Interesantemente, el último día abarca a todos los anteriores, abarca la totalidad del ejercicio y de la vida a través de esa lúcida conclusión relativa a esas como muñecas rusas de ventanas dentro de ventanas dentro de ventanas. ¿Qué hay cuando remueves todas las ventanas? ¿Qué clase de percepción resultaría? Y sobre todo, ¿quién estaría percibiendo? El zen te quiere llevar justo ahí (el budismo en general, pero el zen de manera quizás más directa).
También en el segundo día hay un vislumbre importante, un recordatorio de esos que deberíamos llevar con nosotros muy a flor de piel: aun en la más profunda obscuridad hay una llama ardiendo; discreta, quizá, pero inextinguible. ¿Qué tan a mano tienes ese refugio? Siempre me ha llamado la atención la expresión “al amor de una vela”. ¿Por qué esa luz se denomina amor? El amor como luz y calor, como claridad y calidez. ¿Cómo encontrar ese reducto inexpugnable? ¿Cómo ser -al decir de Krishnamurti- “una luz para sí mismo”? ¡Importante cuestión!
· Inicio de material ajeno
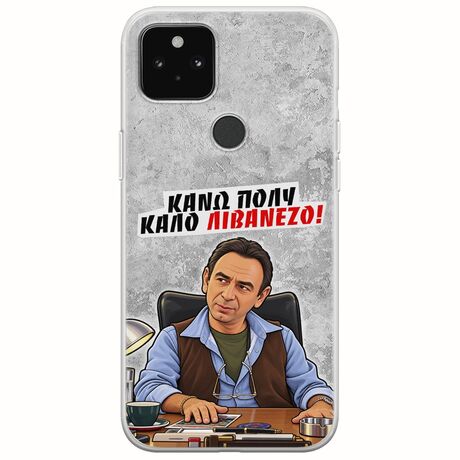Θήκη Epic Quotes - Κάνω πολύ καλό Λιβανέζο! Google Pixel 5a 5G Flexible TPU (Διάφανη Σιλικόνη)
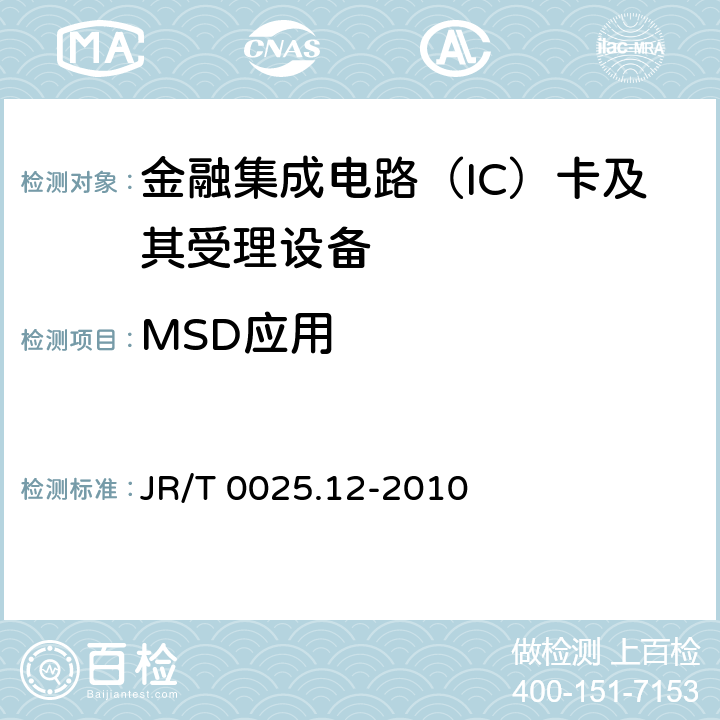 MSD应用 中国金融集成电路（IC）卡规范 第12部分：非接触式IC卡支付规范 JR/T 0025.12-2010 5,6,8,附录F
Interesante lo del día tercero. ¿Es lo vivo y lo muerto lo que se distinguen o es lo natural de lo manufacturado? ¿No hay algo vivo en el filamento de una lámpara? ¿Y en la cal y la piedra que constituyen el cemento, siquiera en las personas que alguna vez lo trabajaron? Pienso en aquella antigua frase, creo que de Tales de Mileto: “Todo está lleno de dioses”.